EXERCISE GOAL:
Give again only what runs from the line with "Casa 2 quartos" to the final line of the entries below, exactly as written and without pictures.

EXCERPTED DATA:
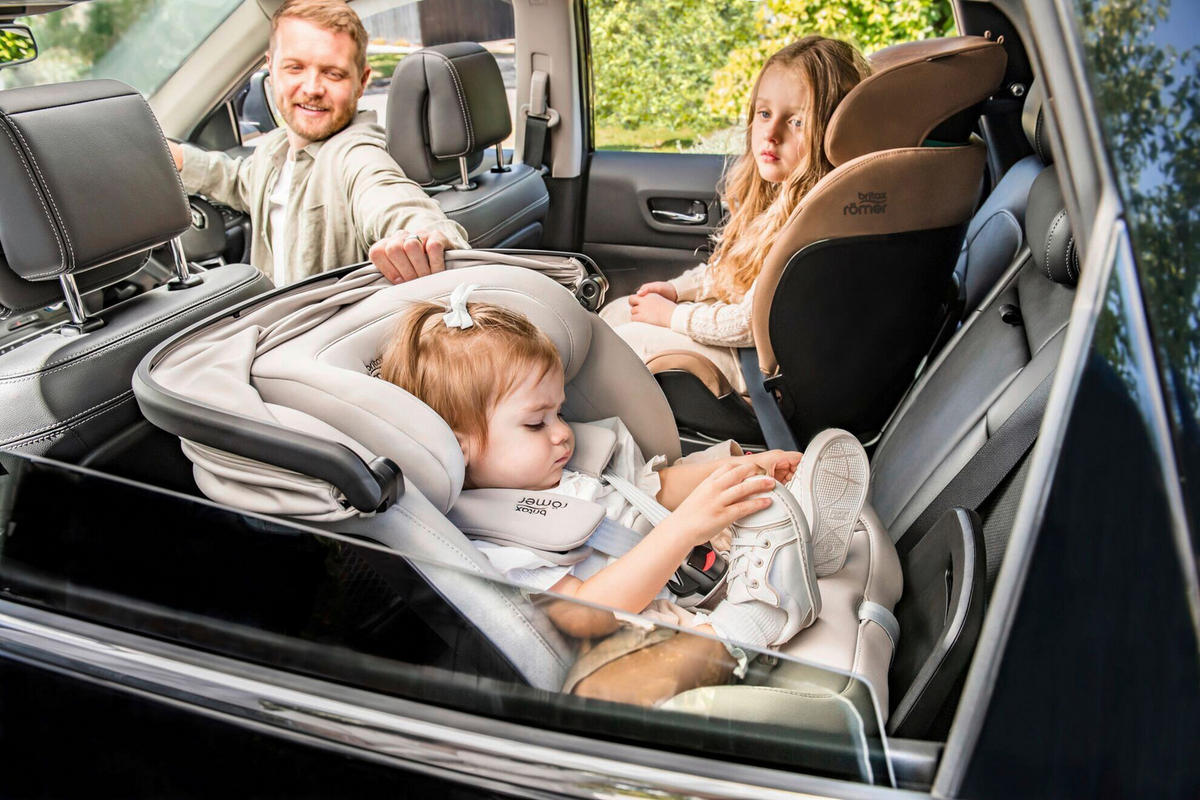 REBOARDER-KINDERSITZ SWIVEL-GROW MAX AIR  - Cognac, Basics, Kunststoff/Textil (44/57/56cm) - Britax Römer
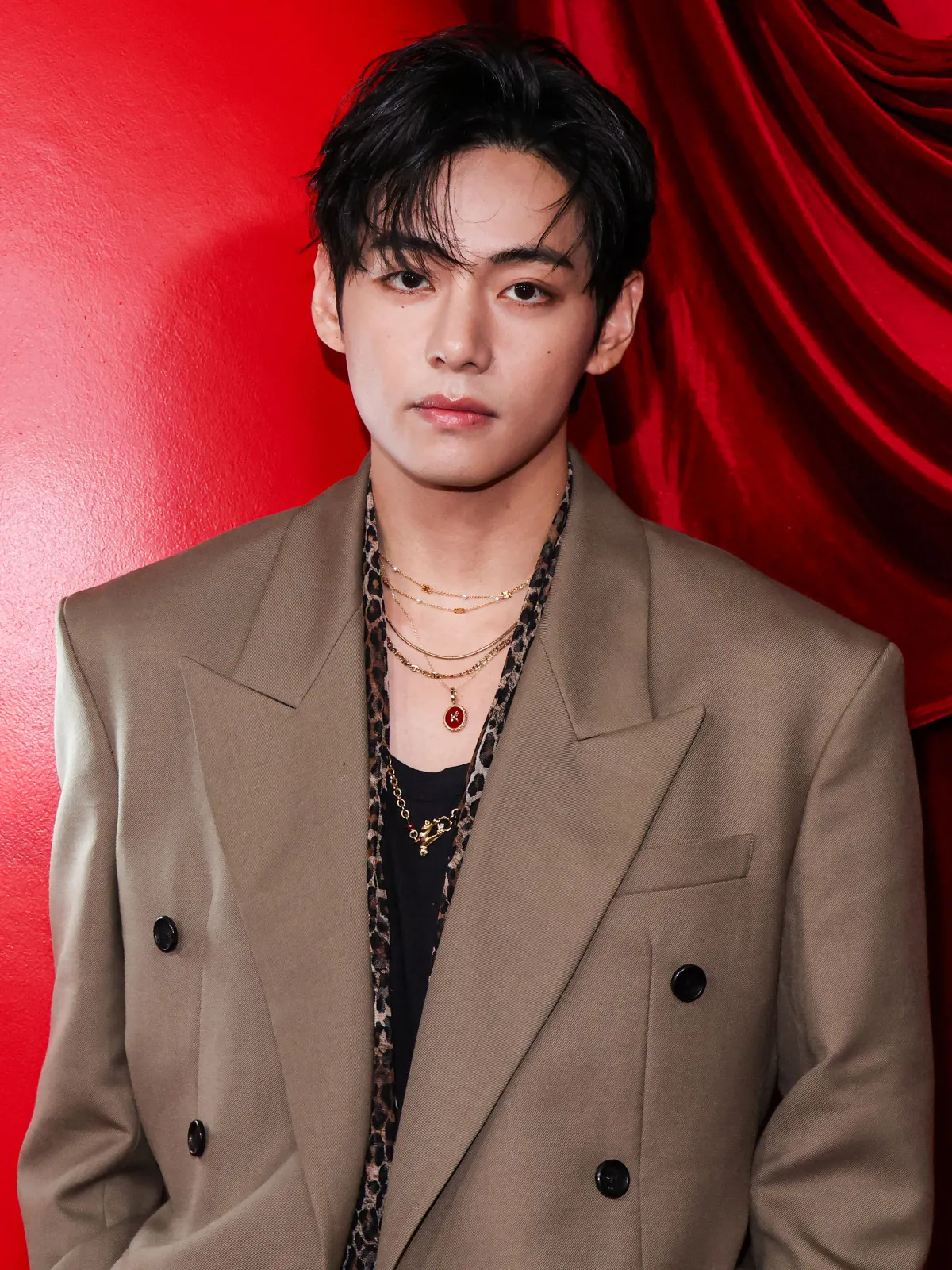 BTS・V、大量のオフショット公開　ジミー・ファロンとの2ショット＆7人の写真も「テテが楽しそう」「こんなかわいいテテを撮ってくれた人に心から感謝」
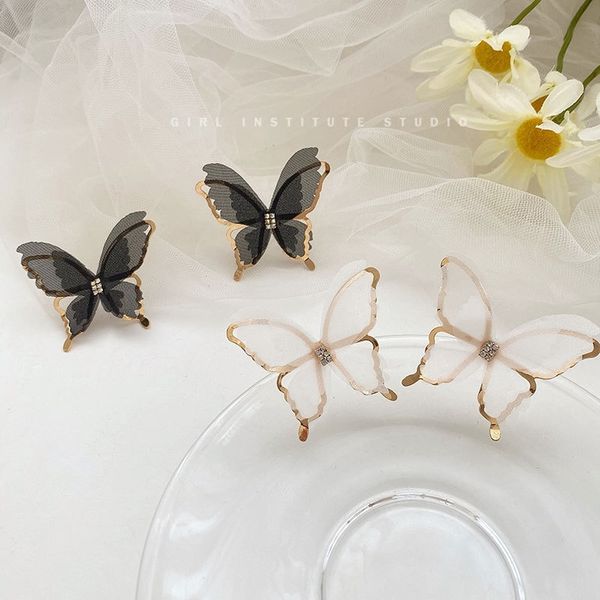gold plated lace sweet butterfly earrings, Black
gold plated lace sweet butterfly earrings, Black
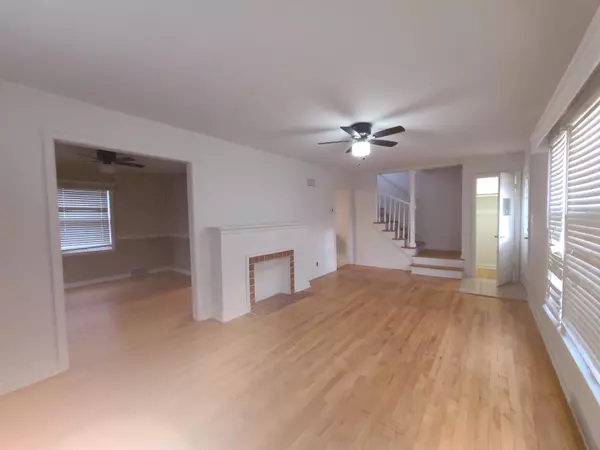 Wichita, KS 67211,2328 E Wilma St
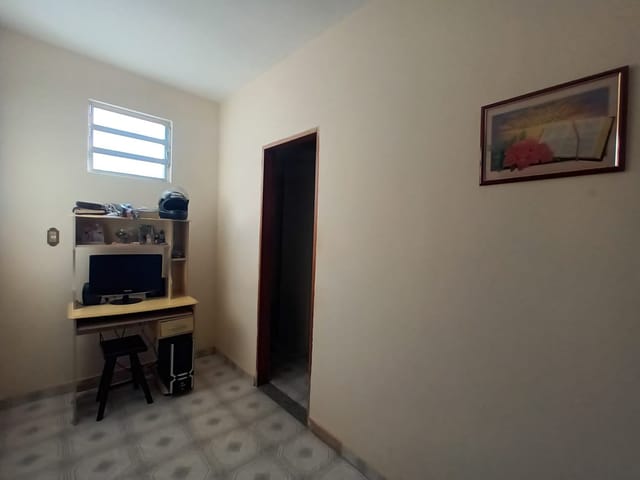 Casa 2 quartos e 1 banheiro, à venda, no bairro Iracema em Cataguases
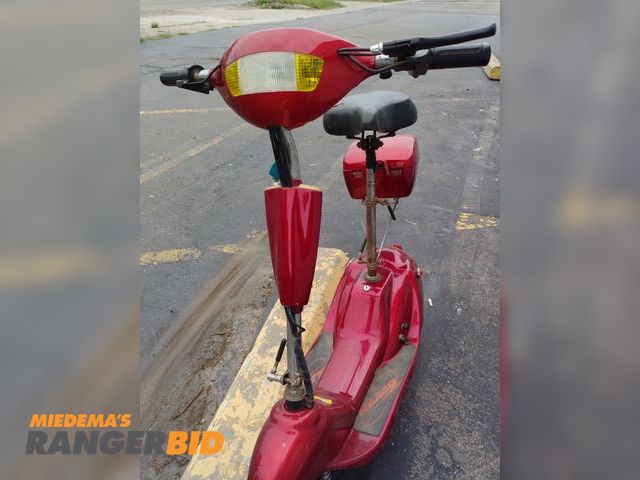 Lot 30-11265 - 1 Misc Misc Scotter Electric motor scotter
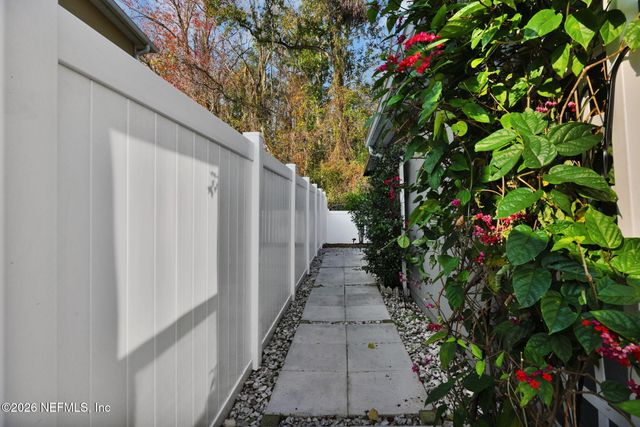 7892 MEADOW WALK Lane, Jacksonville, FL 32256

RESULT:
 Casa 2 quartos e 1 banheiro, à venda, no bairro Iracema em Cataguases
 Lot 30-11265 - 1 Misc Misc Scotter Electric motor scotter
 7892 MEADOW WALK Lane, Jacksonville, FL 32256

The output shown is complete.